[Dataset entries]
^^^^^^^^

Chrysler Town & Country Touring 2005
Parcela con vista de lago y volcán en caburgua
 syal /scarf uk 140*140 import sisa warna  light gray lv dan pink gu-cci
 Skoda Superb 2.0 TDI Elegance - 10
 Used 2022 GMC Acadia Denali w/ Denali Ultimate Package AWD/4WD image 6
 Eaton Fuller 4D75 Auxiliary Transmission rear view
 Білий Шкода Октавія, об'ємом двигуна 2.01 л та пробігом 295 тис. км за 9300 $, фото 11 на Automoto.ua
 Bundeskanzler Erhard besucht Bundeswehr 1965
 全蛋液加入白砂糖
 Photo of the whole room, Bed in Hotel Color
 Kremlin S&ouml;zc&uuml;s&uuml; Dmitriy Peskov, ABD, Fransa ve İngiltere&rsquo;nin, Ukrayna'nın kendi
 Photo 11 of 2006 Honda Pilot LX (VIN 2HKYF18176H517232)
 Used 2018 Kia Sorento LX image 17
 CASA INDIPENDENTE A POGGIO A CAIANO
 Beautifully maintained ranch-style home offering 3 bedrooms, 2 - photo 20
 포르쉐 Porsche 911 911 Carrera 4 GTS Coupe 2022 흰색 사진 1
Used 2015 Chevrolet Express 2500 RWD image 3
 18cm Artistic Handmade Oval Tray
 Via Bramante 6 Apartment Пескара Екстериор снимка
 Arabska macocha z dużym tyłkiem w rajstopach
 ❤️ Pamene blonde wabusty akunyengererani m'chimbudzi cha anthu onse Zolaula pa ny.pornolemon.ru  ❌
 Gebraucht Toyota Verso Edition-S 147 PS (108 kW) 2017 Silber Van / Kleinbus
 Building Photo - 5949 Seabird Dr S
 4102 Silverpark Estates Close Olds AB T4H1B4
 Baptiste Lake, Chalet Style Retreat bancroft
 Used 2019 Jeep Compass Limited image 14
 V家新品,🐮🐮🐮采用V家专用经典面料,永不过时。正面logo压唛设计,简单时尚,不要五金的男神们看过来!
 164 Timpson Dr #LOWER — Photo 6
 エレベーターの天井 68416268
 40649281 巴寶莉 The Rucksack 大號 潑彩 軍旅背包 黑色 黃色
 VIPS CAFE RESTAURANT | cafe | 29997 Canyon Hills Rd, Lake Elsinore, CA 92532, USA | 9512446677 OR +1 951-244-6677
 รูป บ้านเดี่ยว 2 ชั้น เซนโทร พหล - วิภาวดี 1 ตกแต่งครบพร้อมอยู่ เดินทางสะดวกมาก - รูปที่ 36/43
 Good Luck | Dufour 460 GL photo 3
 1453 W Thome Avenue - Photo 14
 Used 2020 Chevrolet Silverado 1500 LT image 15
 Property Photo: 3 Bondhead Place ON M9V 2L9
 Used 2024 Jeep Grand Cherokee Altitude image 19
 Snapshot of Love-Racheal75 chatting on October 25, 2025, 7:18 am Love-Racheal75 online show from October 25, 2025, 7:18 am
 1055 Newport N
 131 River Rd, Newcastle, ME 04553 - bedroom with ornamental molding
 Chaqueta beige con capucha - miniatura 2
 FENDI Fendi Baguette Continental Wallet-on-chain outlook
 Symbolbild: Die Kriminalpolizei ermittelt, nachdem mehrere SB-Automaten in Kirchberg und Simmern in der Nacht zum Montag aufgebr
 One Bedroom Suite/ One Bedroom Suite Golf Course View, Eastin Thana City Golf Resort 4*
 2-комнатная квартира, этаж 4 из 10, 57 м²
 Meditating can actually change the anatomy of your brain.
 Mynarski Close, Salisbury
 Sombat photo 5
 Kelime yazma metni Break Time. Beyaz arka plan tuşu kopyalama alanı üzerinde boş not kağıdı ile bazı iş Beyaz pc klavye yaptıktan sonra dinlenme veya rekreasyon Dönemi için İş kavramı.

^^^^^^^^

Return, word for word, the lines of the data above from the line with "Arabska macocha z dużym tyłkiem w rajstopach" through the line with "VIPS CAFE RESTAURANT", inclusive.

EXERCISE RESPONSE:
 Arabska macocha z dużym tyłkiem w rajstopach
 ❤️ Pamene blonde wabusty akunyengererani m'chimbudzi cha anthu onse Zolaula pa ny.pornolemon.ru  ❌
 Gebraucht Toyota Verso Edition-S 147 PS (108 kW) 2017 Silber Van / Kleinbus
 Building Photo - 5949 Seabird Dr S
 4102 Silverpark Estates Close Olds AB T4H1B4
 Baptiste Lake, Chalet Style Retreat bancroft
 Used 2019 Jeep Compass Limited image 14
 V家新品,🐮🐮🐮采用V家专用经典面料,永不过时。正面logo压唛设计,简单时尚,不要五金的男神们看过来!
 164 Timpson Dr #LOWER — Photo 6
 エレベーターの天井 68416268
 40649281 巴寶莉 The Rucksack 大號 潑彩 軍旅背包 黑色 黃色
 VIPS CAFE RESTAURANT | cafe | 29997 Canyon Hills Rd, Lake Elsinore, CA 92532, USA | 9512446677 OR +1 951-244-6677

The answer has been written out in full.